++++ INFORMATION GIVEN ++++

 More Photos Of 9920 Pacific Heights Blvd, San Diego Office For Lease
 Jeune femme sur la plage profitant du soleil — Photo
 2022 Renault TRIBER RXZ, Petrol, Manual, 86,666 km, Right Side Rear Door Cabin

++++
++++ INFORMATION GIVEN ++++

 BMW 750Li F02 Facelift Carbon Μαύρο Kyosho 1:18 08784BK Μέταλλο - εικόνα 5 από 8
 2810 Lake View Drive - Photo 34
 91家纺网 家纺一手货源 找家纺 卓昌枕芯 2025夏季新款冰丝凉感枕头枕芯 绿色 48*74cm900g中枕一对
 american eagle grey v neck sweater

++++

=== TASK OBJECTIVE ===
Retype the entries above exactly, but only from the line containing "2810 Lake View Drive - Photo 34" through the line containing "american eagle grey v neck sweater", both included.

=== RESPONSE AREA ===
 2810 Lake View Drive - Photo 34
 91家纺网 家纺一手货源 找家纺 卓昌枕芯 2025夏季新款冰丝凉感枕头枕芯 绿色 48*74cm900g中枕一对
 american eagle grey v neck sweater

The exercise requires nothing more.